The 64 verses of questions God throws back at Job, I think, only point us back to ourselves, and our life in community. How do we respond to a creation so marvelously made? How do we share it? How do we care for it? How can we set boundaries for our life together, that protect, yet are life-giving?
Like the disciples in our Gospel reading, James and John, we are tempted to want a permanent relationship with this magnificent divine One – a seat at the right or left hand of God. But that’s not what Jesus came to bring, he tells his Disciples. ‘Those who want to be great, must be servant of all.’ Our blessed assurance is actualized in our loving, and in our caring.

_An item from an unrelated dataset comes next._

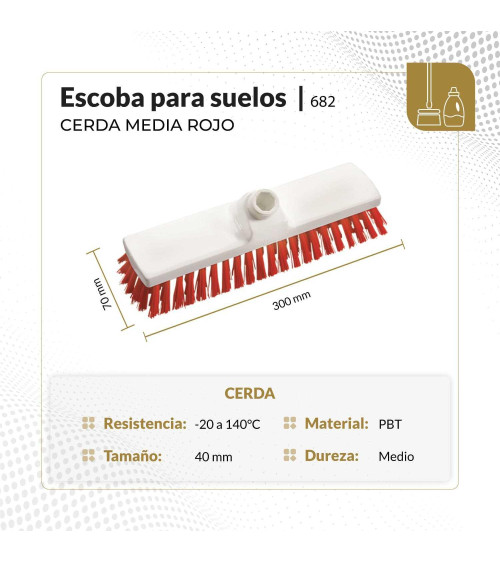 Escoba para suelos cerda media 30 cm color rojo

Just so, the wonderful, amazing, immensity of God’s creation, is also, humbling. The pictures we have gotten from Hubble, and now, New Horizons, prove God’s vastness, and our fleeting wispiness ‘like a reed in the wind.’ And as much as we want to cozy up to God in Jesus, and rest assured – that we can rest, and be assured, that we will not be harmed, not have to go through the pain of suffering – yet God assures us here, only of God’s amazing creation, and power, and authority, which is meant to give us courage and faith right now, one day at a time, and help us to share it with our neighbor.
When we are young, we want the adventure of going to the moon. When we are older, we want the luck to make it back home! The only way we find blessed assurance, is to take one small step at a time – faithful steps, trusting and knowing, that God (creator & sustainer) is walking by our side.